Alfred Evert 14.02.2003

01.02. Real und Abstrakt

Abstraktes Denken
Wir Menschen sind stolz darauf, das ´vernunft-begabteste´ Tier zu sein. Tatsächlich verarbeiten wir per Vernunft unsere Sinneseindrücke, planen zukünftige Handlungen, beurteilen kritisch das Ergebnis, wägen ab und entscheiden erneut. Tatsächlich ist tagsüber unser Verstand hellwach, führt pausenlos Selbstgespräche, denkt fortwährend (wenngleich meist im Kreis herum). Tatsächlich wurden wir damit zu einer der erfolgreichsten Gattungen, zumindest im Bemühen, uns ´die Welt untertan´ zu machen (wenngleich mit Nebenwirkungen).

Unsere besondere Fähigkeit besteht darin, von diversen Vorkommnissen oder Erscheinungen gemeinsame Merkmale erkennen und dafür abstrakte Sammelbegriffe einführen zu können. Das ist nützlich im Alltag wie für die Beschreibung von physikalischen Gegebenheiten wie bei philosophischer Betrachtung. Beispielsweise: Lebensmittel sind billiger auf dem Land. Obst ist wichtig für die Gesundheit. Masse weist die Eigenschaft von Trägheit und Schwere auf. Gravitation ist die zwischen Körpern wirksame Anziehungskraft.
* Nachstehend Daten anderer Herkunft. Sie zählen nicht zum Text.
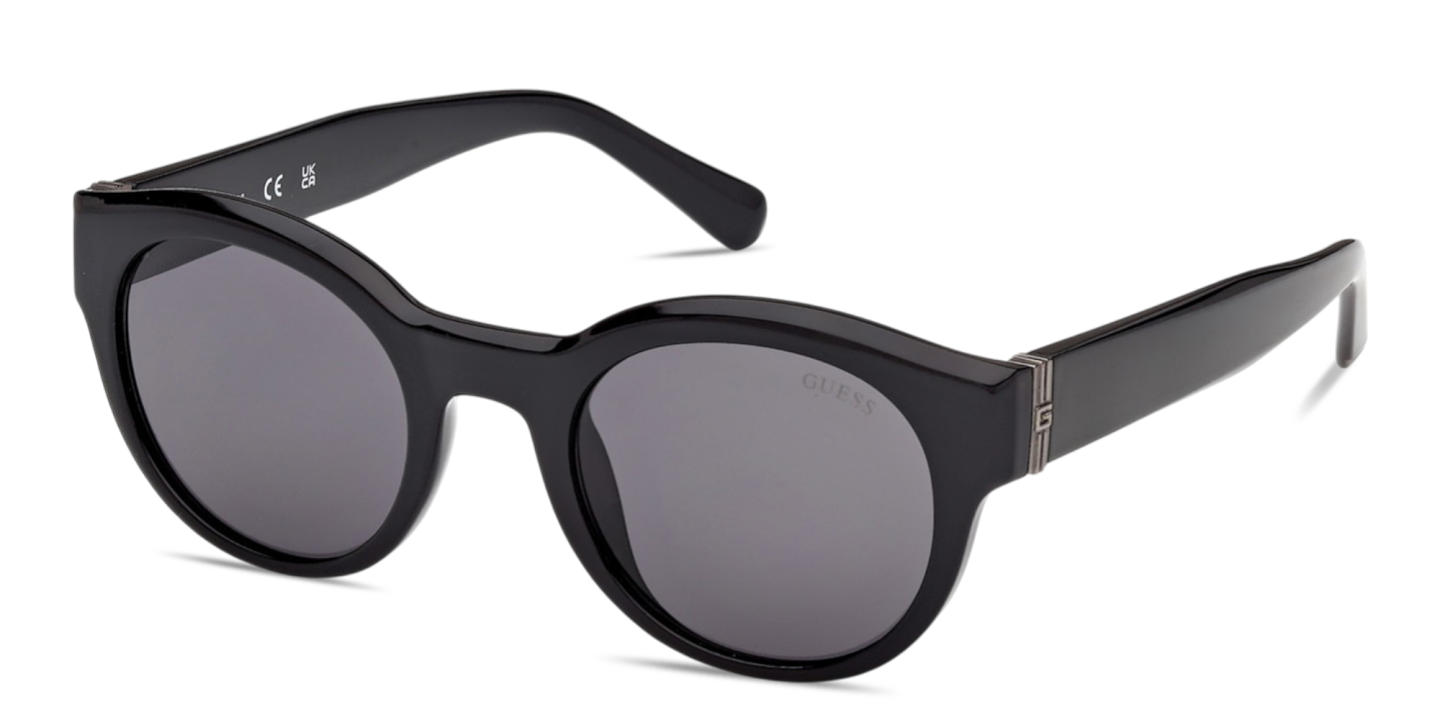 Shop Guess G Logo Round Sunglasses in Shiny Black online.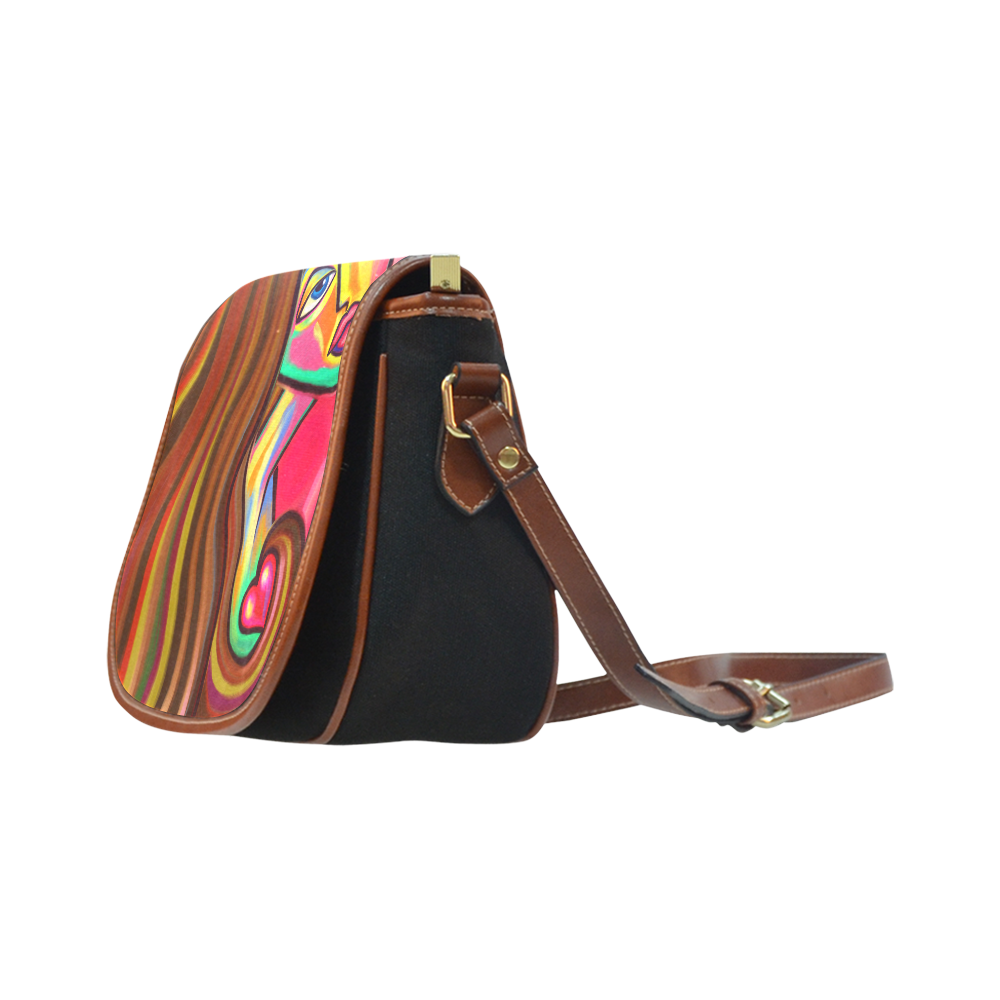 Love is Near Vibrant Portrait Saddle Bag/Small (Model 1649)(Flap Customization)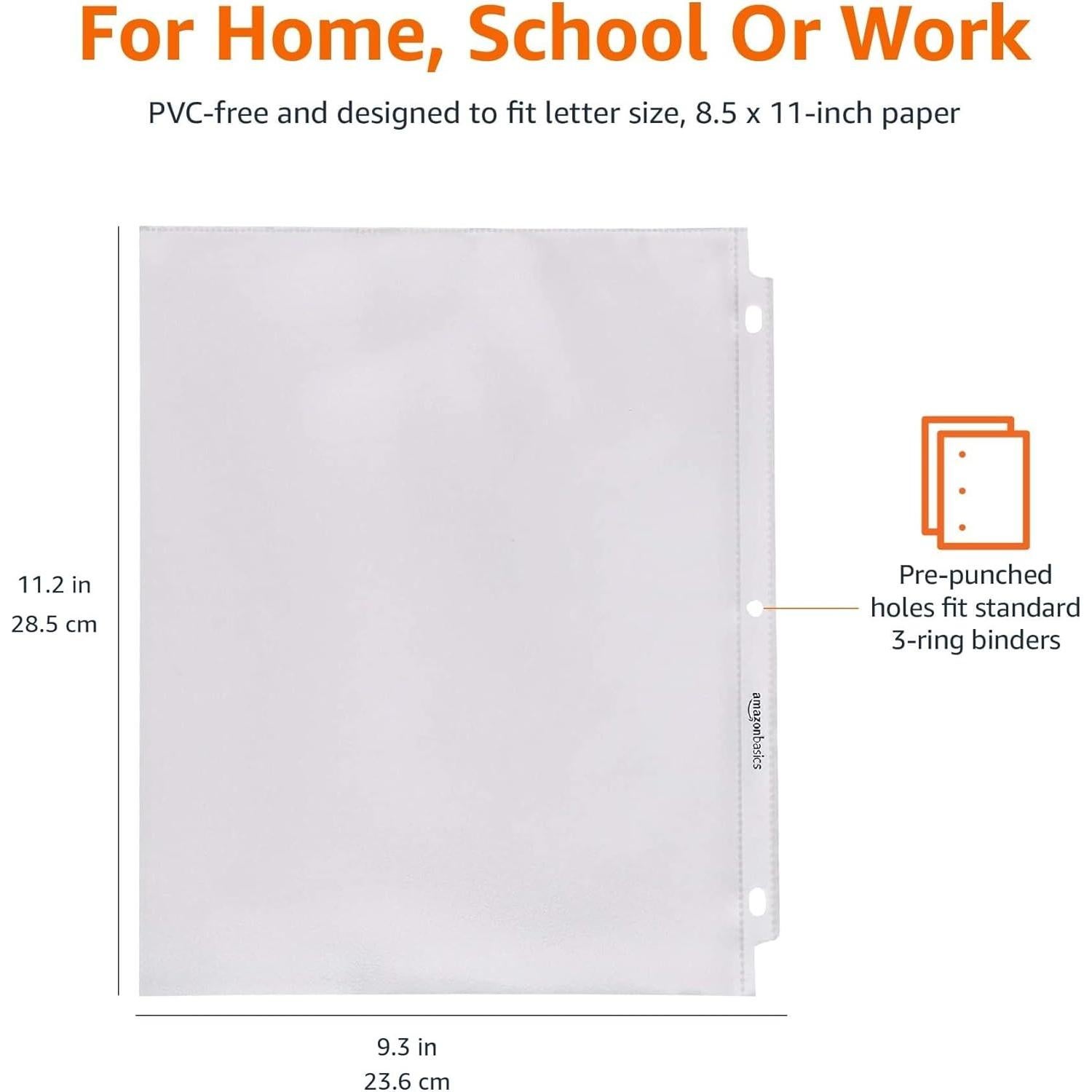 Protectores de hojas Amazon Basics 200 unidades 21.6x27.9cm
Menschen verspüren Zuneigung oder Abneigung zueinander. Egoismus ist der Gegensatz von Nächstenliebe.

Erst durch die Verwendung abstrakter Begriffe können wir uns vom konkreten Einzelfall lösen und zu generellen Aussagen bzw. pauschal gültigen Urteilen kommen. Das erleichtert notwendige Entscheidungen im alltäglichen Leben, ermöglicht die Erkenntnis genereller Gesetzmäßigkeiten, ist praktisch Voraussetzung jeglicher Kommunikation (so wie obige Beispielsätze ausschließlich abstrakte Begriffe verwenden).

Dieses Abstraktionsvermögen ist also außerordentlich vorteilhaft. Allerdings gibt es Auswüchse, beispielsweise: den Juristen, der nur noch innerhalb seiner (weltfremden) Terminologie zu denken vermag, den Wissenschaftler, der sich gedanklich nur mehr in ´Worthülsen´ bewegt, den ´Schöngeist´, der immer in ´höheren Sphären´ schwebt.

Seltsamer weise bedienen sich Philosophen abstrakter Begriffe, deren Wesen sie aber nur durch Beispiele aus Alltäglichem bzw. Materiellem verdeutlichen können - oder versuchen Sie doch bitte, z.B. Egoismus bzw. Liebe rein abstrakt zu erklären (aber bei Definition per anderer abstrakter Begriffe diese wiederum ohne Bezug auf simple Realität zu definieren).

Umgekehrt beschreiben Naturwissenschaftler keinesfalls die Realität nur anhand Begriffen (Namen) realer Erscheinungen, sondern arbeiten mit rein gedanklichen Begriffen - oder definieren Sie doch bitte z.B. Anziehungskraft bzw. Elektrisches Feld (ausschließlich aufgrund gesicherter Erkenntnis der zugrunde liegenden Realität - wobei Formeln diese Erscheinungen rechenbar machen, aber keine Erklärung ergeben).

All diese abstrakten Begriffe sind existent als (mehr oder weniger) allgemeingültige Vereinbarung. Aber eben nur auf geistiger (Verstandes-) Ebene. Diese Begriffe besitzen keine reale, also materielle Existenz. Und es ist bemerkenswert, dass gerade in den Naturwissenschaften mit diesen abstrakten (nicht-realen) Begriffen praktisch ausschließlich gearbeitet wird - bis hin zur absoluten Abstraktion in Form nur noch mathematisch relevanter Formeln (z.B. inklusive ´imaginärer´ Faktoren).

Reales Sein
Real gibt es z.B. weder Lebensmittel und Obst, noch Masse und Gravitation, noch Abneigung und Nächstenliebe. Real kann es z.B. bestenfalls den (einen, konkreten) Apfel geben, den Sie sich gerade einverleiben, oder den Apfel, der Ihnen gerade auf den Kopf fällt, oder den Apfel, dem sie diesem hässlichen Menschen an den Kopf werfen, oder den Apfel, den sie diesem netten Menschen gerade schenken wollten.

Real gibt es keine Menschen, real gibt es nur diesen dort mit dem roten Pullover oder jenen dort mit den roten Haaren. Wir können gedanklich abstrakte Sammelbegriffe verwenden - aber real ist immer nur ein ganz konkreter Einzelfall gegeben.

Das mag manchem Leser nun als ´juristische Haarspalterei´ erscheinen - aber gerade dort zeigt sich verhängnisvoll, wenn Begriffe sich verselbständigen und ihren realen Bezug verlieren.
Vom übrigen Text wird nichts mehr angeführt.